The stars of the 1977 hockey film “Slap Shot” – David Hanson, Jeff Carlson and Steve Carlson – were in town to take part in the Battle of the Badges charity hockey game on the Monday that saw the Calgary and Edmonton fire department hockey teams go head-to-head.
In the 1970’s, Hanson and the Carlson brothers – Jeff, Steve and Jack – all played professional hockey together for the Johnstown Jets, out of Pennsylvania, which was part of the North American Hockey League.
Known for their rough, tough and sometimes unruly ways on the ice, a teammates sister wrote the movie Slap Shot, about the Johnstown Jets – called the Charlestown Chiefs in the film.
However, Jack was unable to star in the film and Hanson replaced him in that role. With the release of the film, notoriety was gained by the so-called “Hanson Brothers” for being menaces on the ice.
After 34 years, the enforcing trio of the Charlestown Chiefs haven’t changed their approach to the game.
“We’re going to go out and rape, pillage and create as much mayhem as we can,” said Hanson.
But the game wasn’t just about wreaking havoc on the ice, as all proceeds went to two charities – The Calgary Firefighters Burn Treatment Society (CFBTS) and Project Warmth Society of Alberta.
The CFBTS has raised $12 million over the past 15 years, all of it going towards helping those recovering from severe burns. The Project Warmth Society provides warm clothing to those in need, and during 2010 approximately 60,000 pieces of warm clothing were handed out in Calgary.
“These are the guys that are out there helping us and protecting us and saving our lives,” Hanson said. “To be in the same locker room with these guys … is a big bonus to it.”

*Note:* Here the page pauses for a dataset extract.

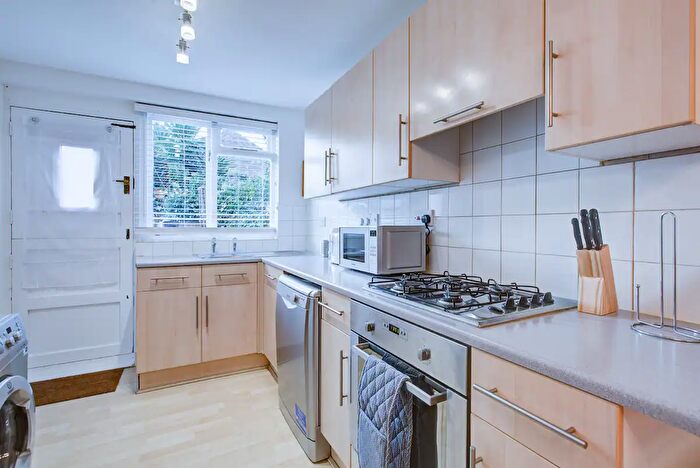2 Bedroom Terraced House For Sale In Egham Road, London, E13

“Even though we’re the slapstick entertainment tonight we are the ones who are really honoured to be a part of the team,” Steve added.

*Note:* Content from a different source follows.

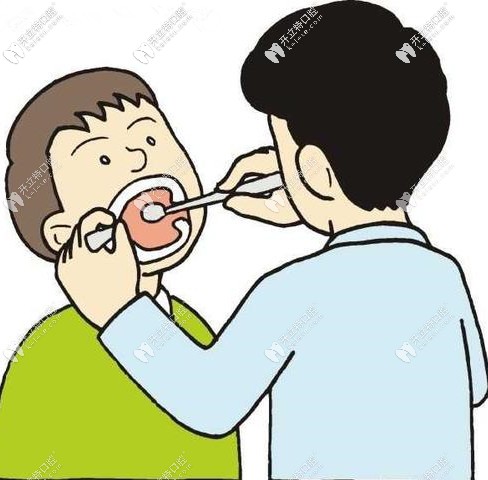 專業(yè)的牙醫(yī)更能保障效果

Also in attendance was former National Hockey League referee, Kerry Fraser. Having officiated over 2,000 NHL games, he was more than capable of keeping the Hanson Brothers in check.
But the cause of the game hit close to home for Fraser who has a son in London, Ont. working as a firefighter, and another son in New Jersey working as a transit police officer.

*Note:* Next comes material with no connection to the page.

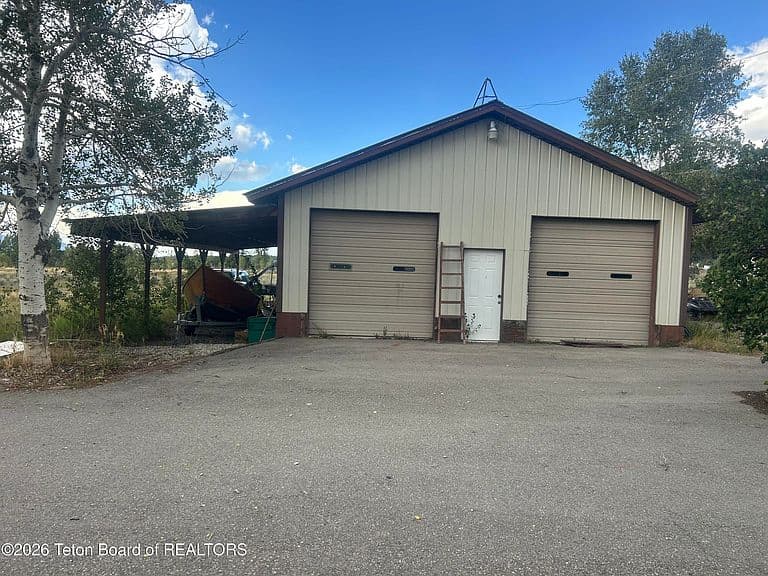 127 Cottonwood Ct photo 2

“Just from a cause perspective it’s to support the kind of stuff that our kids have chosen as professions,” he said.
Jeremy Leece, local firefighter and vice president of the CFBTS, frequently deals with burn victims and has seen what it takes for one to heal.
“When you’re that closely attached to it you see the aftermath of a burn and you know how intense the rehab is… Not only is it horrific from a media standpoint but we know from the inside how long term the healing goes on.”
According to Leece, the charity hockey game raised around $6,500, which will be split between the two charities.
The Hanson Brothers and Fraser made seven different stops on the Battle of the Badges tour, helping raise funds for a total of nine different charities in seven Canadian cities
Calgary marked the end of the Battle of the Badges tour, but for Leece it’s only the beginning.
“This is just one year of many,” he said. “We hope to have it year after year and have the public and businesses come out and support us.”